17 March 2023
Docker likes to make things simple. If you expose a port on a host, then by default it is open to anything which can connect to the host, even if the host firewall by default drops all incoming requests. Many people have been surprised and burned by this over the years. Dockers affect on iptables is documented, but it doesn't make it super clear that if your firewall is set to drop by default, docker exposed services are still publicly accessible.
To understand how Docker bypasses the firewall, we need to look into how iptables works.
Iptables has a concept of tables and filter chains. A table can have a series of chains within it, and the chains can have filter rules, which can accept, drop or reject packets.
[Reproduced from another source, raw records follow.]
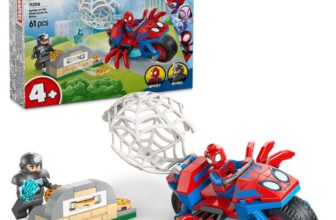LEGO ǀ Marvel Spidey on his Motorcycle vs. Rhino Set 11206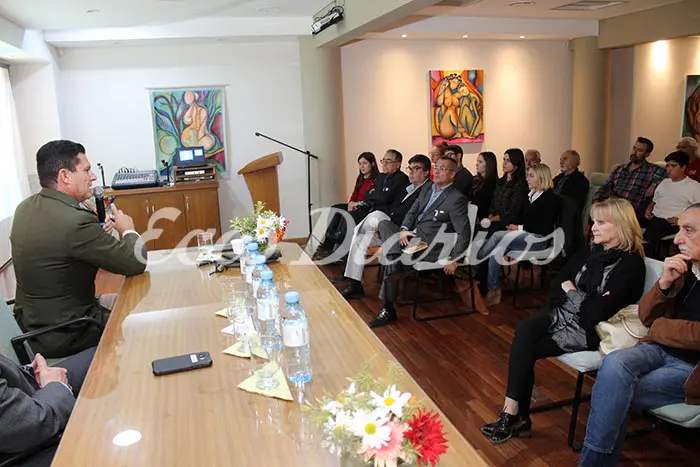 Charla de excombatientes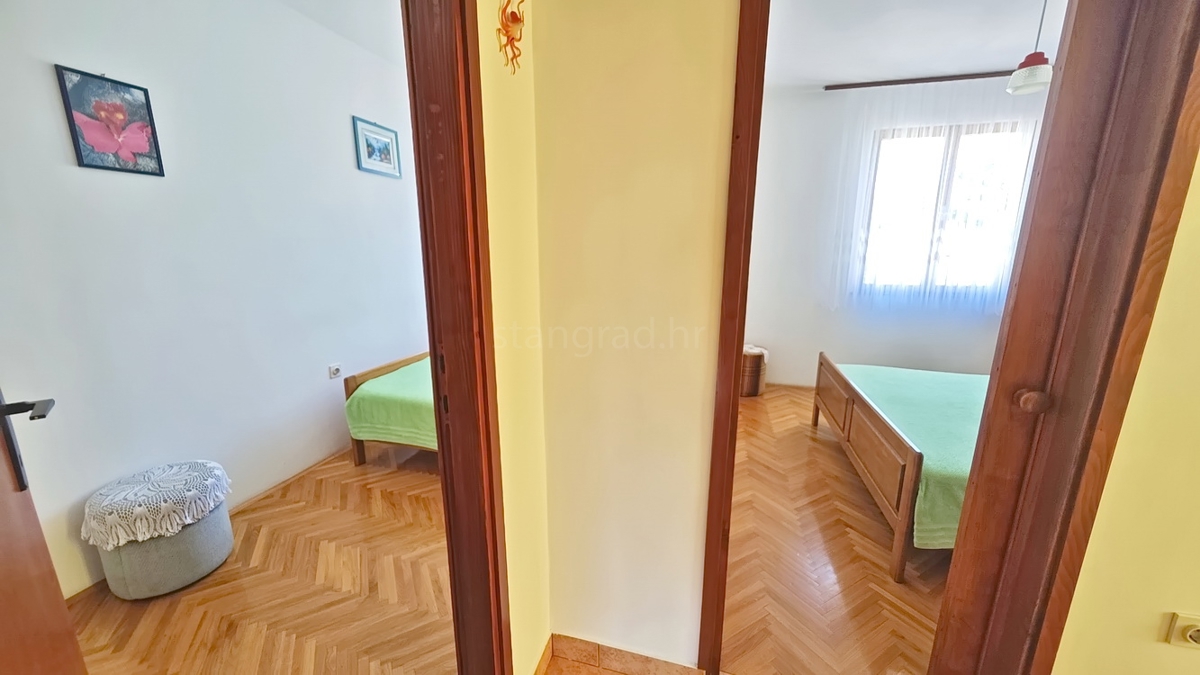 Baška, dvojček s 4 apartmaji blizu morja!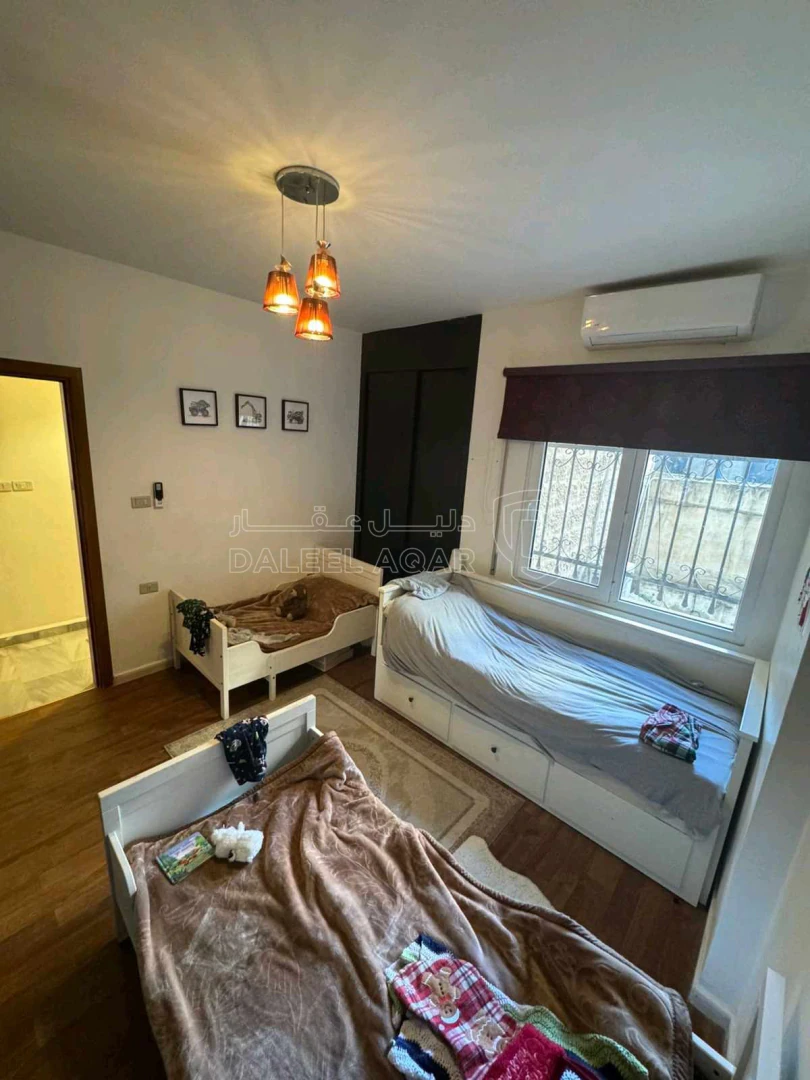 شقة في الجندويل مقابل مدرسه الفاروق - 80,000 دأ - صورة 1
A packet first enters the RAW table, then the MANGLE table. On my fairly default system, there are no rules in either of these tables. Next it hits the NAT table. Docker is running on this host, and here we can see where Docker inserts its first rule, in the PREROUTING chain, directing all traffic into the DOCKER chain. Within the DOCKER chain we can see rules which correspond to ports exposed on running containers, sending the traffic to DNAT:
$ sudo iptables --line-numbers -n -L -t nat
Chain PREROUTING (policy ACCEPT)
num target prot opt source destination
1 DOCKER all -- 0.0.0.0/0 0.0.0.0/0 ADDRTYPE match dst-type LOCAL
Chain INPUT (policy ACCEPT)
num target prot opt source destination
Chain POSTROUTING (policy ACCEPT)
num target prot opt source destination
1 MASQUERADE all -- 172.25.0.0/16 0.0.0.0/0
2 MASQUERADE all -- 172.17.0.0/16 0.0.0.0/0
3 MASQUERADE tcp -- 172.25.0.3 172.25.0.3 tcp dpt:443
4 MASQUERADE tcp -- 172.25.0.3 172.25.0.3 tcp dpt:80
5 MASQUERADE tcp -- 172.25.0.8 172.25.0.8 tcp dpt:8080
Chain OUTPUT (policy ACCEPT)
num target prot opt source destination
1 DOCKER all -- 0.0.0.0/0 !127.0.0.0/8 ADDRTYPE match dst-type LOCAL
Chain DOCKER (2 references)
num target prot opt source destination
1 RETURN all -- 0.0.0.0/0 0.0.0.0/0
2 RETURN all -- 0.0.0.0/0 0.0.0.0/0
3 DNAT tcp -- 0.0.0.0/0 0.0.0.0/0 tcp dpt:443 to:172.25.0.3:443
4 DNAT tcp -- 0.0.0.0/0 0.0.0.0/0 tcp dpt:80 to:172.25.0.3:80
5 DNAT tcp -- 0.0.0.0/0 0.0.0.0/0 tcp dpt:8080 to:172.25.0.8:8080
After traversing the NAT table, the packets will enter the FILTER table. Traffic assigned to NAT will skip the usual INPUT chain, which is normally where incoming packets will land, and goes to the FORWARD chain. This explains why the usual firewall rules applied to the INPUT chain in the FILTER table get by passed by Docker. Looking at the filter table, we can see docker has inserted chains and rules in the FORWARD chain:
$ sudo iptables --line-numbers -L -t filter
Chain INPUT (policy ACCEPT)
num target prot opt source destination
Chain FORWARD (policy DROP)
num target prot opt source destination
1 DOCKER-USER all -- anywhere anywhere
2 DOCKER-ISOLATION-STAGE-1 all -- anywhere anywhere
3 ACCEPT all -- anywhere anywhere ctstate RELATED,ESTABLISHED
4 DOCKER all -- anywhere anywhere
5 ACCEPT all -- anywhere anywhere
6 ACCEPT all -- anywhere anywhere
7 ACCEPT all -- anywhere anywhere ctstate RELATED,ESTABLISHED
8 DOCKER all -- anywhere anywhere
9 ACCEPT all -- anywhere anywhere
10 ACCEPT all -- anywhere anywhere
Chain OUTPUT (policy ACCEPT)
num target prot opt source destination
Chain DOCKER (2 references)
num target prot opt source destination
1 ACCEPT tcp -- anywhere 172.25.0.3 tcp dpt:https
2 ACCEPT tcp -- anywhere 172.25.0.3 tcp dpt:http
3 ACCEPT tcp -- anywhere 172.25.0.8 tcp dpt:webcache
Chain DOCKER-ISOLATION-STAGE-1 (1 references)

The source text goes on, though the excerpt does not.